Review: Vanessa Redgrave and Timothy Spall square off in vividly acted ‘Mrs. Lowry & Son’
“I am a man who paints. Nothing more, nothing less,” repeats L.S. Lowry (Timothy Spall), a suffering artist thwarted by his elderly mother Elizabeth (Vanessa Redgrave), throughout the gripping, gorgeously acted biopic “Mrs. Lowry & Son.” It’s a haunting mantra that speaks volumes about a self-effacing talent who became one of England’s most famous contemporary painters.

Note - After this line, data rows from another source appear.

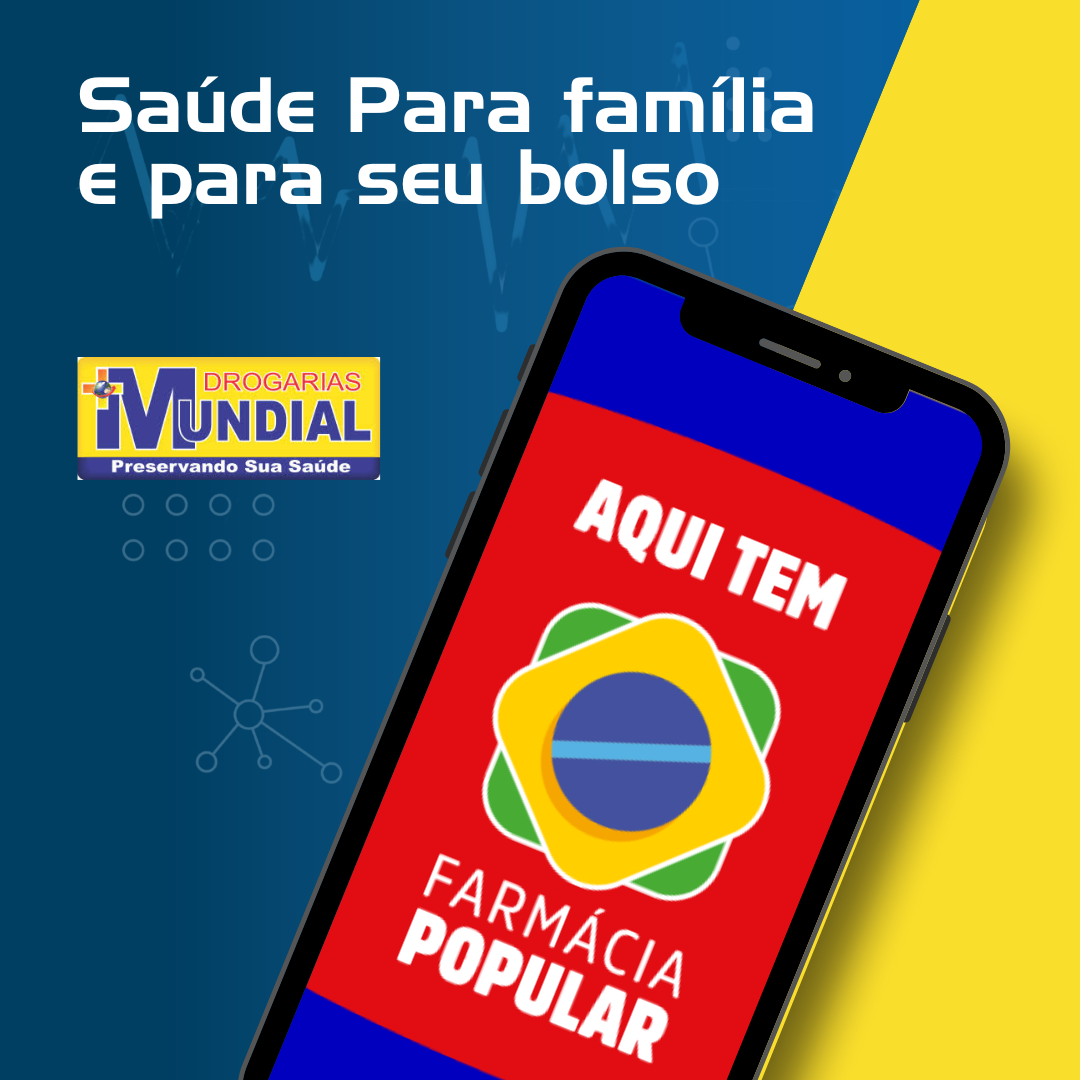 Aqui tem farmácia popular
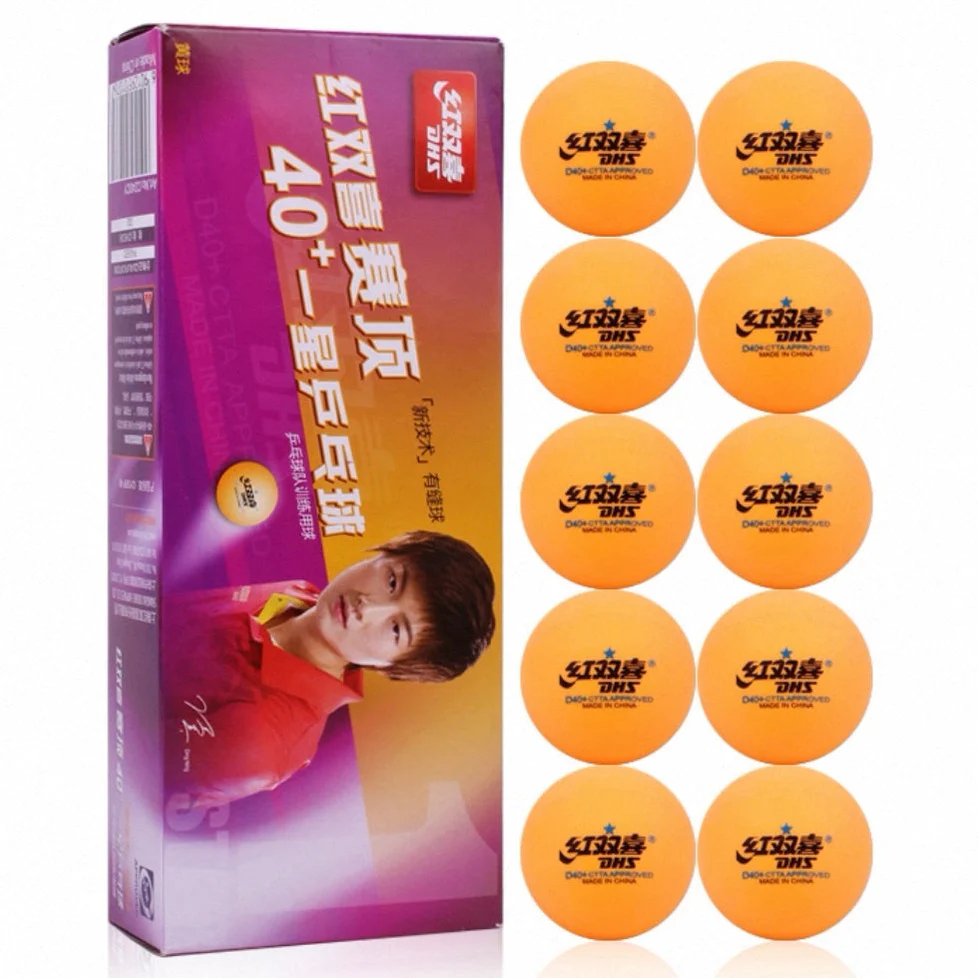 DHSCD40C 1 Star D40+ Table Tennis Ball - Image 7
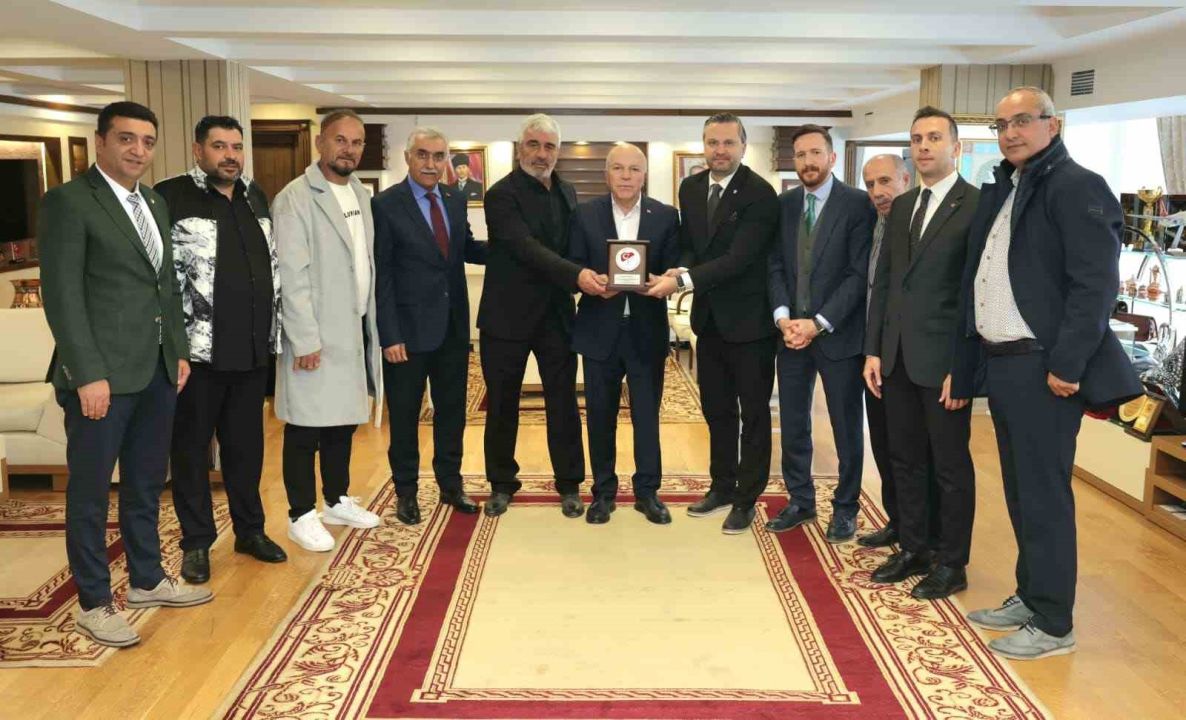 Başkan Sekmen;  "Sporda da Erzurum’u marka şehir yapma hedefimiz var"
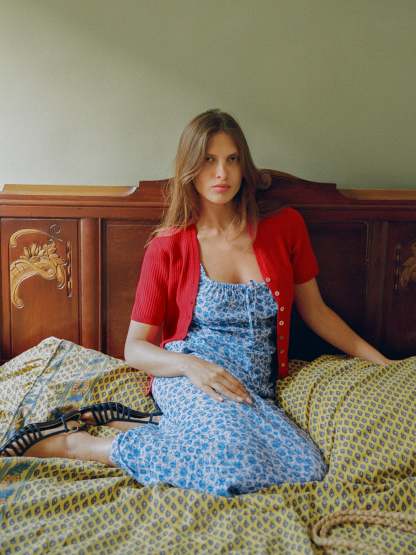 Robe INES - ROSERADIEUSE BLEU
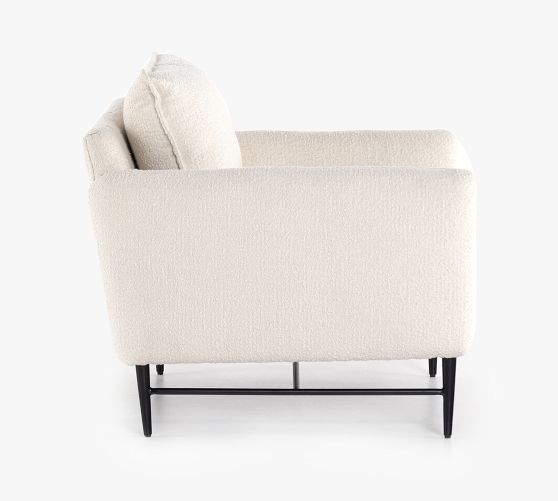 Midtown Upholstered Armchair | Pottery Barn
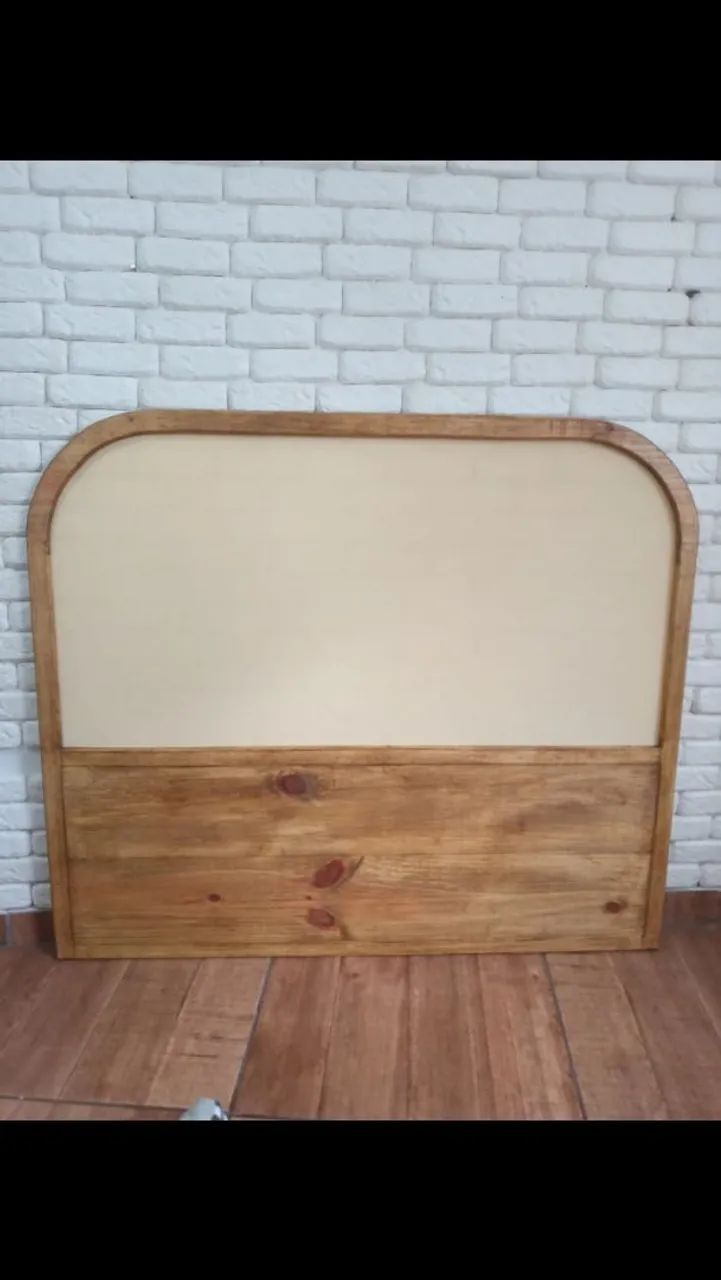 Cabeceira de Cama em Madeira - Estilo Rústico - Foto 2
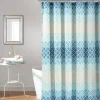 Medallion Ombre Shower Curtain
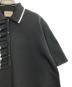 中古・古着 UNITED ARROWS (ユナイテッドアローズ) ミニマルフリル ニット ブラック サイズ:FREE：8000円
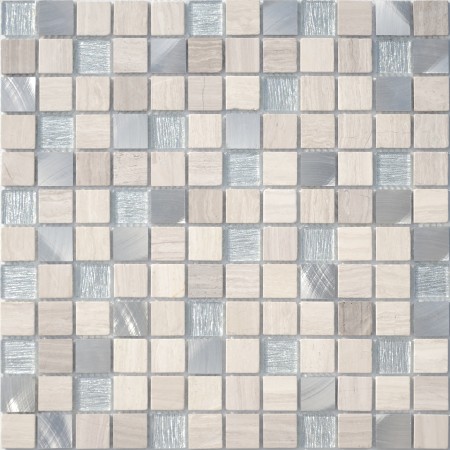 Мозаика Caramelle Mosaic Silver Flax 23x23x4 арт. 00-00003273 Мозаика Caramelle Mosaic Silver Flax 23x23x4 арт. 00-00003273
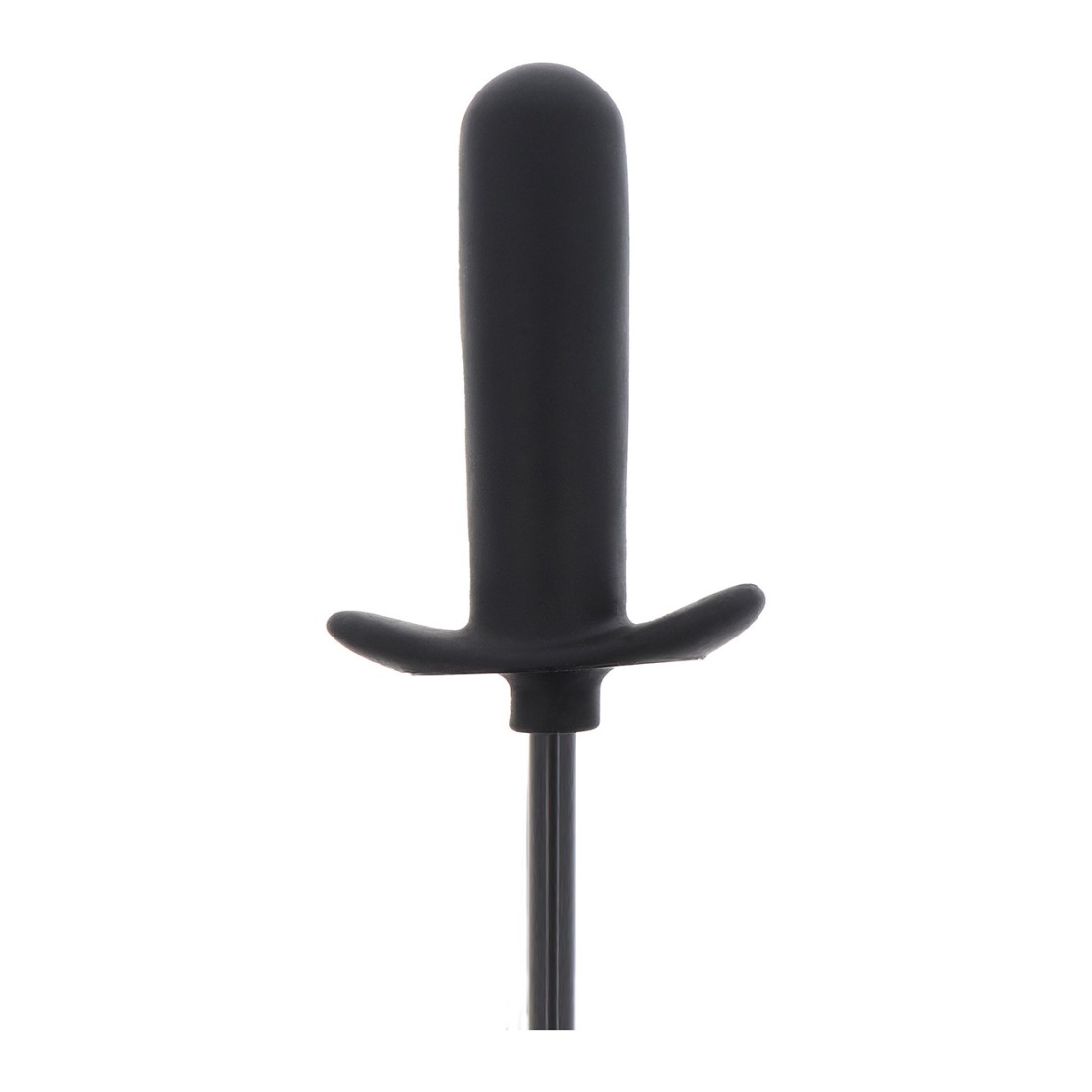 PLUG ANALE GONFIABILE LISCIO E ALLUNGATO CON...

Based on the stage and radio play by scripter Martyn Hesford, this 1934-set film spends a swatch of time with Lowry and his domineering, widowed mum, who, with vivid dysfunction, share a modest home in working-class Lancashire, England.
Although it occasionally escapes its theatrical roots, the movie largely takes place in Elizabeth’s bedroom. That’s where Lowry shares meals and chats with the forlorn and manipulative woman, who never misses a chance to blithely degrade, browbeat or discourage her middle-aged son. Her constant jabs at Lowry’s artwork — gloomy but distinctive urban landscapes — are like stakes to his heart, endured with a grim patience learned over a lifetime.
If often sad and unsettling, the film is also livelier and less oppressive than it may sound thanks to the fine writing, deft direction by Adrian Noble, and the superb, if painful interplay between Redgrave and Spall (who played another well-known English painter in 2014’s “Mr. Turner”).
A present-day visit to the Lowry, a museum in Salford Quays, England, which houses much of Lowry’s work, provides a fitting coda.